Acts 7:28 Parallel Verses [⇓ See commentary ⇓]

Acts 7:28, NIV: Are you thinking of killing me as you killed the Egyptian yesterday?'

Acts 7:28, ESV: Do you want to kill me as you killed the Egyptian yesterday?’

Acts 7:28, KJV: Wilt thou kill me, as thou diddest the Egyptian yesterday?

Acts 7:28, NASB: YOU DO NOT INTEND TO KILL ME AS YOU KILLED THE EGYPTIAN YESTERDAY, DO YOU?’

Acts 7:28, NLT: 'Are you going to kill me as you killed that Egyptian yesterday?'

Acts 7:28, CSB: Do you want to kill me, the same way you killed the Egyptian yesterday?

What does Acts 7:28 mean? [⇑ See verse text ⇑]
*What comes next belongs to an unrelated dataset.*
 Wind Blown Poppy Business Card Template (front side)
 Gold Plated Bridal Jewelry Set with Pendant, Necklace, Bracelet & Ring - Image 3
Devout Jews visiting Jerusalem from northern Africa and modern-day Asia Minor have accused Stephen of blasphemy against Moses and God and speaking words against the temple and the Mosaic law (Acts 6:8–14). Stephen is defending himself in front of a crowd and the Sanhedrin by applying a short history of Israel to the accusations.

In the middle of his testimony, Stephen reminds his audience that before Moses was a spiritual giant who provided the Law and rescued the Israelites, he neither received nor deserved respect. He knew he would be responsible for bringing the Israelites out of slavery, but he acted too soon and under his own power. When he saw an Egyptian beating a Hebrew slave, Moses secretly killed and buried the Egyptian. But the next day, when he saw two Israelites fighting, the aggressor revealed that Moses had been seen. The Israelites were right to distance themselves from him; as soon as Pharaoh learned what Moses had done, he tried to kill him (Exodus 2:11–15).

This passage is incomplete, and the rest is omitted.